In 1978, Tjeknavorian organized Music Armenia, described in Gramophone as "the first Armenian Festival on foreign soil. During the day there were symposiums, conferences and comparative studies of Armenian music, and in the evening, concerts presenting Armenian artists and composers." Speaking to the London magazine, Tjeknavorian explained: "Being Christian, the first thing the Armenians did...was to translate the Bible as early as the fourth century AD. Then they started writing music in the fifth century. As soon as the alphabet was created, the chants started to be written down in old neumes. By the eighteenth century they could no longer decipher these neumes, so the musicians got together and renotated all the different chants. When I was studying in Vienna I discovered the Armenian Monastery there, and found a wealth of these chants. I became so involved in searching through all the manuscripts, it took me 15 years, and I found seven different traditions amounting to something like 30,000 melodies... It was far removed from my original idea of having the melodies just for my own compositional use, and I realized that it was of immense interest to musicologists" (Gramophone, May 1979). For his long and dedicated work Tjeknavorian was awarded the Order of "Gregory the Illuminator" by the late Catholicos Vazgen I.

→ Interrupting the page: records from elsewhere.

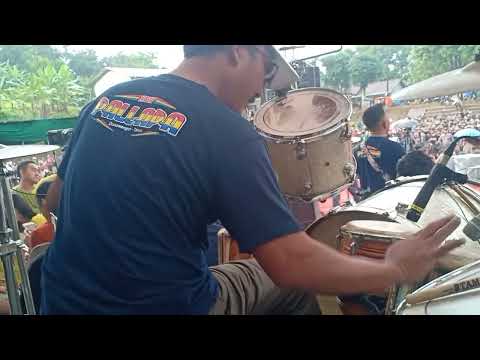 Seketika Hujan Deras Reda - Teteg Ati - Cak Met ft Devi Aldiva - New Pallapa Live talun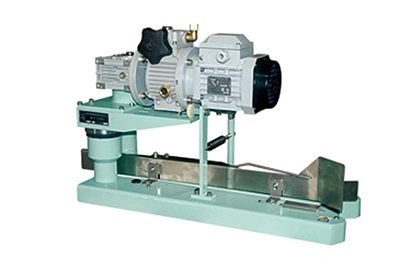 Устройство подгиба и протяжки мешков с ленточным механизмом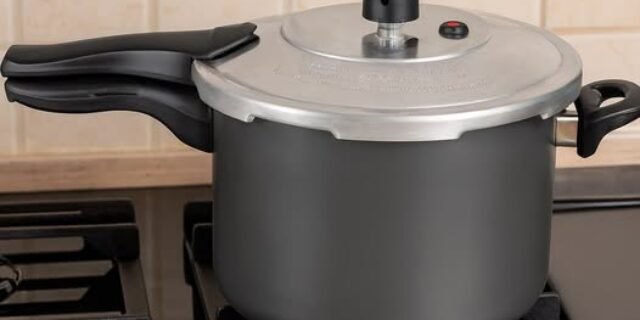 Panela de Pressão 4,5L Teflon Antiaderente Alegrete Cinza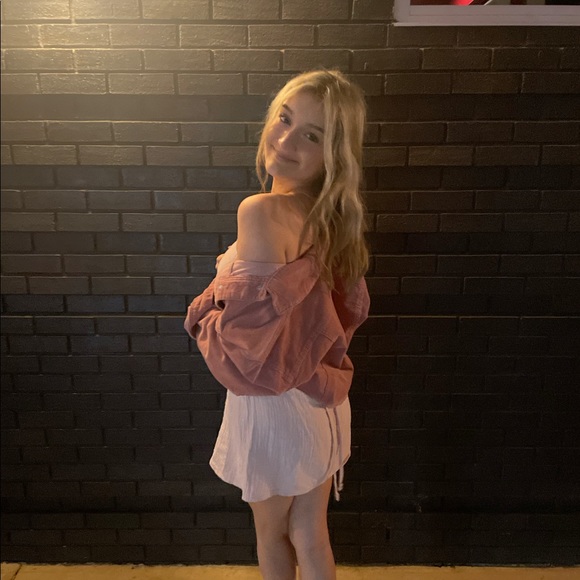 Profile Picture of Trista Hughes (@trisgrace22) on Poshmark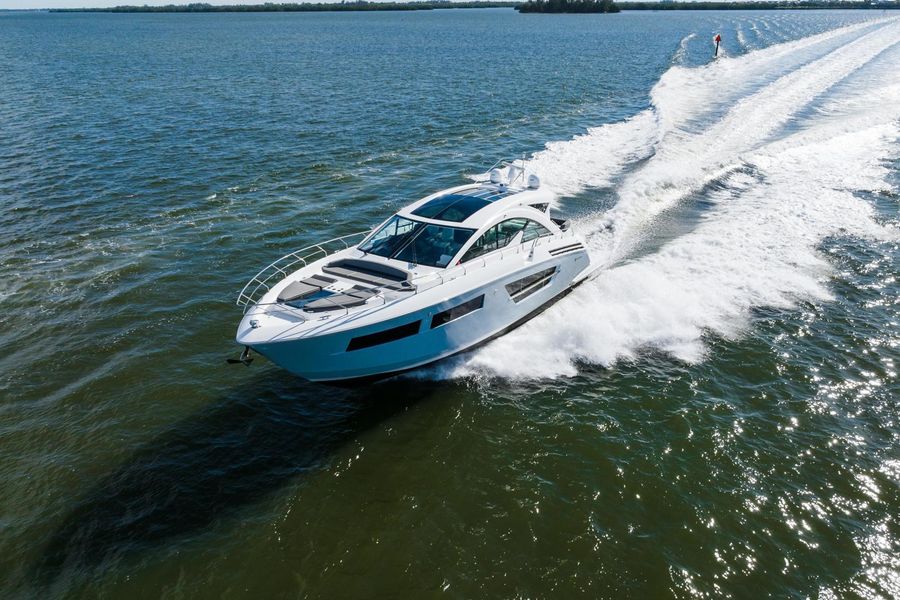 2019 Cruisers Yachts 60 Cantius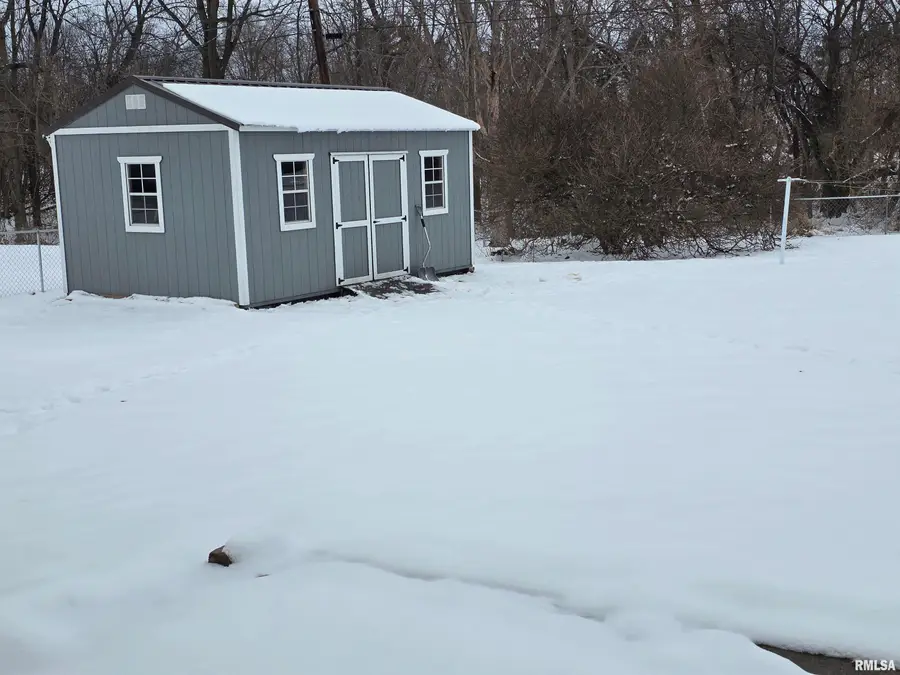 922 Birchwood Drive, Washington, IL 61571 - Image #3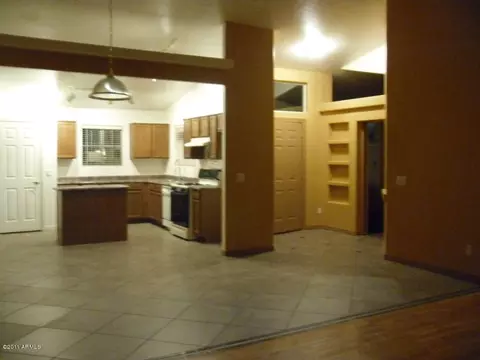 1310 E Branham Ln, Phoenix, AZ 85042 photo 6
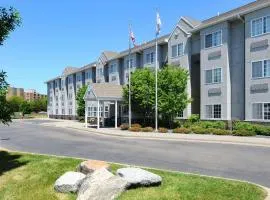 Microtel Inn & Suites by Wyndham Bloomington MSP Airport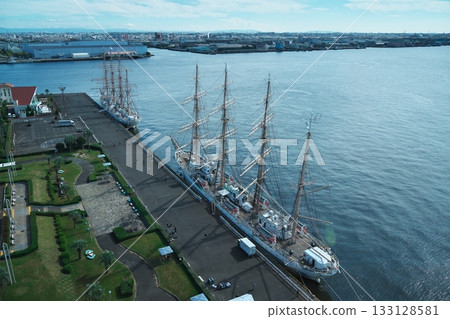 從名古屋港務大樓的觀景台上可以看到日本丸和海吾丸停靠在名古屋港花園碼頭。 從名古屋港務大樓的觀景台上可以看到日本丸和海吾丸停靠在名古屋港花園碼頭。 133128581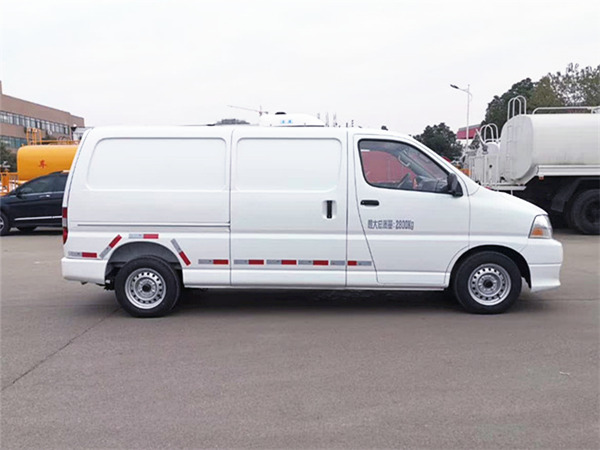 金杯快運(yùn)面包冷藏車(chē) 金杯快運(yùn)面包冷藏車(chē)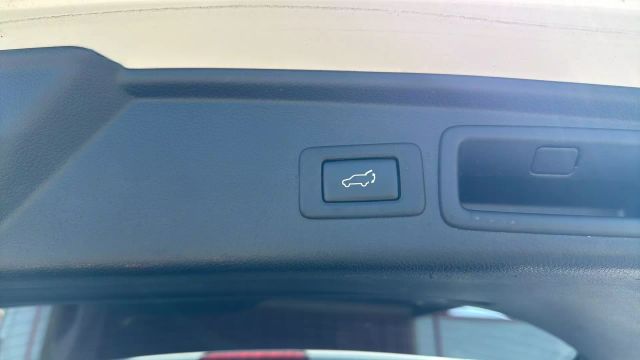 2014 Subaru Forester 2.5i Touring Image 30 of 54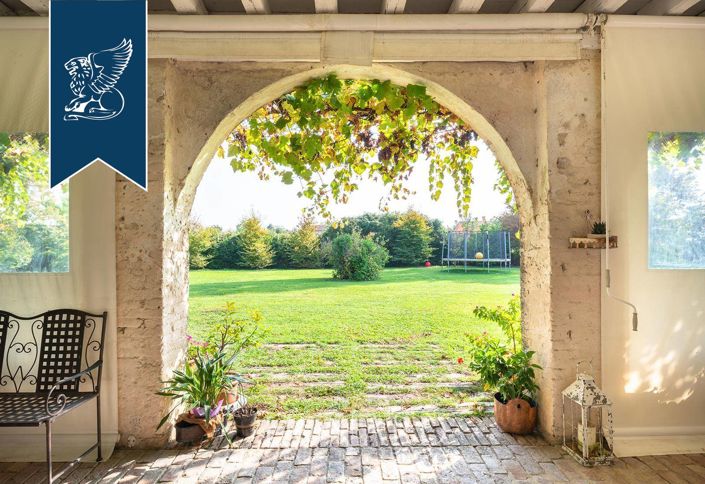 Image No.15-11 Bed Farmhouse for sale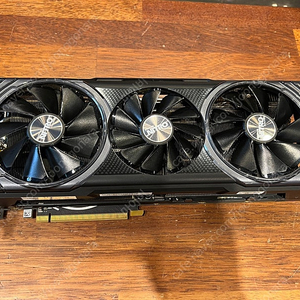SAPPHIRE Radeon RX Vega 64 8GB 팝니다 (사파이어 라데온 vega 64)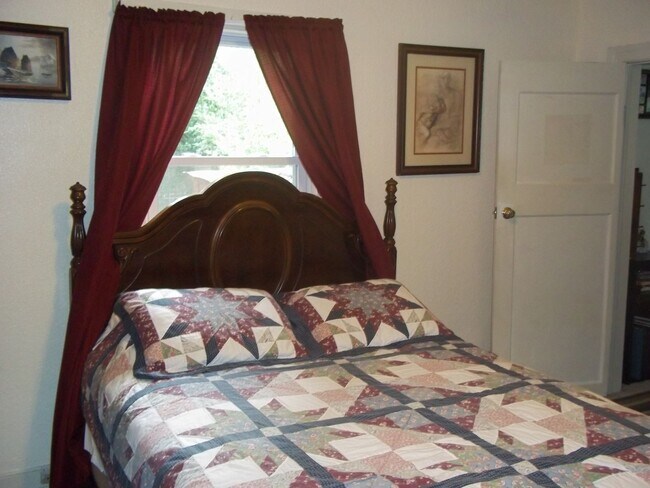 Foto del edificio - 110 Longhill Rd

Taking some of the medieval chants he had rediscovered, Tjeknavorian composed the vocal work Life of Christ, first performed during the Festival at the Queen Elizabeth Hall by the Ambrosian Singers. Many of Tjeknavorian's most important compositions were written in this fruitful and personally difficult ten-year period culminating with, and immediately following, the Iranian Revolution in 1979. Foremost among his works during this time are his Second Symphony (Credo) and the oratorio The Book of Revelations, the second and third parts respectively of his trilogy on the Armenian genocide begun with his groundbreaking First Symphony (Requiem for the Massacred) scored for trumpet and percussion and released in London by Unicorn in 1976. Another key work towards the end of this period was his ballet Othello, commissioned by the Northern Ballet Company and premiered in London in 1985 with Princess Ann in attendance. The recording of the piece released that year on EMI with the London Symphony Orchestra was praised by Gramophone as "enormously effective" (Gramophone, November 1985).

==Armenia (1989–2000)==

Soon after settling in New York City in 1986, Tjeknavorian's destiny was diverted by the devastating Armenian earthquake of December 1988. In response, Tjeknavorian organized a benefit concert at Carnegie Hall to raise relief funds for the victims. The concert featured Plácido Domingo, Mstislav Rostropovich, Alexander Toradze and stars of the New York Metropolitan Opera, including Mirella Freni, Frederica von Stade, Samuel Ramey and Elena Obraztsova. Ticket sales for the event raised $500,000 that was sent to Armenia, where Tjeknavorian relocated a few months later, having been appointed principal conductor and artistic director of the Armenian Philharmonic Orchestra (APO) in Yerevan.

For Tjeknavorian, the most important task was rebuilding the cultural life of Gyumri (then Leninakan), Armenia's second largest city, which had been devastated by the earthquake. In 1991 Tjeknavorian announced his intention to go on a pilgrimage walk from Yerevan to Gyumri in order to raise funds for rebuilding efforts. Thousands of people joined him along the way and a huge percentage of the Armenian population donated money for the cause. Fifteen million rubles, worth around 20 million dollars at the time, were collected nationwide. Unfortunately, several months later the Soviet ruble was devalued and Tjeknavorian was compelled to seek additional money from private sources. Tjeknavorian took over the huge communist party headquarters, which had been destroyed, and in seven years transformed it into the first Academy of Music and Arts in Gyumri. During this time, his fundraising led to the founding of a symphony orchestra, wind ensemble, choir and dance ensemble, the renovation of the theater and restarting of the Gyumri TV station, and purchasing musical instruments for the orchestra and band, whose instruments had all been destroyed in the earthquake, as well as ten grand pianos for the Arts and Music Academy.

Tjeknavorian was also instrumental in the 1991 campaign for Armenian independence. Through his tours in various Armenian cities and an all-night televised performance on national television two days before the measure passed on September 21, 1991, Tjeknavorian managed to increase the "Yes" vote for independence from 30 to 96 per cent. Given the heated controversy and popular passions surrounding the question of independence, the peaceful nature of the victory was unique, reached by Tjeknavorian through the power of music and a positive cultural message.

Following independence, Tjeknavorian served on the committee to reinstate the pre-communist Armenian flag and the national coat-of-arms. He was especially influential in the adoption of the national anthem, "Mer Hayrenik" (Our Fatherland), for which he rewrote the words for the first stanza. During the crippling energy blockade between 1992 and 1995 - a result of the Karabakh war - the capital was gripped by shortages of food, water, heat and electricity. Faithful to his vow that "the doors of culture must never be closed", Tjeknavorian maintained weekly concerts at this time, including a regular series of spiritual music concerts every Saturday in anticipation of the 1700th anniversary of Christianity in Armenia.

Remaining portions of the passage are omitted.